MANASQUAN, N.J. — Since Superstorm Sandy smashed the Jersey shore, owners of flood-damaged homes up and down the coast feared something else might happen to their properties, sitting vacant and largely unwatched.
Those fears came true for a dozen homeowners Wednesday in this popular Jersey shore beach town, which is still reeling from damage Sandy inflicted in October. An early morning fire damaged 12 houses on or near the beachfront, destroying two.
The one small bit of good news was that because most of the homes had been damaged by the storm, they were not occupied when the fire broke out and no one was injured. Still the fire touched an exposed nerve.
"We were all worried about looting, but the town and the National Guard did a great job of protecting the area. But now this," said Allyson Aiello, who lives a few doors down from where the fire began and whose home was not damaged by it.
Fire Chief Mike Galos said the blaze broke out at 5:41 a.m. in a house on First Avenue that had come through the storm relatively unscathed. It spread to an adjacent home, destroying both.
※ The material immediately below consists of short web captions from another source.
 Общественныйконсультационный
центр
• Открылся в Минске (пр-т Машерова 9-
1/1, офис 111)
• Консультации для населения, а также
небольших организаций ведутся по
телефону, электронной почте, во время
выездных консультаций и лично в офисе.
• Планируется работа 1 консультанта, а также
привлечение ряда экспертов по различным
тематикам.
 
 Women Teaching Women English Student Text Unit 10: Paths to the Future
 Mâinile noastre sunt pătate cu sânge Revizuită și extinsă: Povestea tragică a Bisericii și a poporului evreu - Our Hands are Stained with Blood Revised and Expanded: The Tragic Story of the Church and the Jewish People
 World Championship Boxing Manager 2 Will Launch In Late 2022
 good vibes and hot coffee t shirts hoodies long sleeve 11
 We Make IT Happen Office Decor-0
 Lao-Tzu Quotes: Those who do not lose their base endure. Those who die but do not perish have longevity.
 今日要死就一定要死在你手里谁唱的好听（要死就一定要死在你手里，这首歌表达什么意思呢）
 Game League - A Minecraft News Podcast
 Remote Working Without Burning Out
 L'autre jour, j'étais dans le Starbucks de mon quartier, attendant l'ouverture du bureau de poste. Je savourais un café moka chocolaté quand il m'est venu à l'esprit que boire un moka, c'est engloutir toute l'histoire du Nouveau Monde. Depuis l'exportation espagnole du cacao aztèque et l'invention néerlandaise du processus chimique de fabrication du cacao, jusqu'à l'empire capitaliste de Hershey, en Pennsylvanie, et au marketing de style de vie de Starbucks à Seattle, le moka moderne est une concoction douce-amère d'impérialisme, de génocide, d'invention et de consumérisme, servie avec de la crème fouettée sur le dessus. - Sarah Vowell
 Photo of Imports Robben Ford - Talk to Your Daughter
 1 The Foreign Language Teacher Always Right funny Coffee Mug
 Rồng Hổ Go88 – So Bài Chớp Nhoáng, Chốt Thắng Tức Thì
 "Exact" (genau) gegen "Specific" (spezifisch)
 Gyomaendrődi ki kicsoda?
Ten other houses nearby and on the Manasquan beachfront suffered various degrees of damage.
Galos said he knew of no obvious cause for the fire, but said electric and natural gas services recently were restored.
White House to seek about $50 billion in aid: President Barack Obama plans to ask Congress this week for about $50 billion in emergency spending to help rebuild the states ravaged by Superstorm Sandy.
The final sum is still in flux, but should fall between $45 billion and $55 billion, according to administration and congressional officials.
That falls significantly short of the $82 billion sought by New York, New Jersey and Connecticut to clean up storm damage, as well as to infrastructure to prepare for future storms.